At one time the principal at Northside, Hines rose through the Houston County administrative ranks, first as the assistant superintendent of school operations, then from 2010-14 as the district’s superintendent.
Three years after retiring from that position, Hines is once again in charge of an educational organization. This time, he has been picked to serve as executive director of the GHSA, an organization that has gone through challenges in recent years as it deals with differences between city, rural and private schools, transfer issues and increasing involvement by the Georgia legislature.
In a called meeting Tuesday at the Thomaston-Upson County Civic Center, the GHSA executive committee approved a three-year contract for Hines that pays him a base salary of $125,000 per year.
“I have a lot of good things to say about the Georgia High School Association,” said Hines, whose career also includes a five-year run as football head coach at Westover from 1990-94 and administrative roles at Charlton County, Jackson County and Dougherty. “It’s played a big part in my entire career as a teacher, a coach, athletics director, head football coach, principal, on up through superintendent.
“I believe in the mission of the organization and what it has to offer our young people. It has enhanced the educational experiences for our kids across the state through the playoffs and the championships, and we want to make sure that continues.”
Hines, a Valdosta State graduate who holds a doctorate from Nova Southeastern, takes over at a time when the association’s existence has been called into question. Legislation that would have created a new high school athletics governing body was voted out of the House Education Committee earlier this year, only to be put on hold when Hines’ predecessor, Gary Phillips, agreed to retire a year early.
Experience in dealing with Georgia’s educational structure helped make Hines an attractive candidate, one executive committee member said.
“He brings a wealth of knowledge,” Mary Persons principal Jim Finch said. “I can’t describe everything that he can do. He’s been a coach. He’s been a principal. He’s been an assistant principal. He’s been an assistant superintendent. He’s been a superintendent. There’s just not anything with schools that he hasn’t done.”
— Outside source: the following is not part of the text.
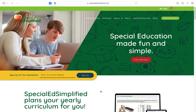Hey guys, this is Kristina again from Special Ed Simplified. I thought I would create a short video clip on how to get to the scope and sequence of our memberships.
One of the issues drawing the legislature’s attention, student-athlete transfers, was addressed during Tuesday’s meeting.
The executive committee was scheduled to vote on a proposal that would have forced all transfers to sit out half of an athletics season unless a waiver was granted by the former school. After a few minutes of discussion having to do with how quickly such a proposal could be implemented, the executive committee voted to table the measure.
“I think it was a very smart move to table the rule change on the transfer students (Tuesday) because we need to take a solid look and assess the resources that we’re going to need to implement such a policy,” Hines said. “That was a good deal to give us time to look at it, look at the data and see how we might best attack the issue because it certainly is an issue.”
A smaller proposal, one that grants one-time transfer waivers to boarding students at Ben Franklin Academy, Darlington, Riverside Military and Tallulah Falls, was passed. Darlington’s waiver, covering the boarding portion of the school only, will begin for the 2017-18 academic year, while the other three boarding schools will be covered at the start of the 2018-19 school year.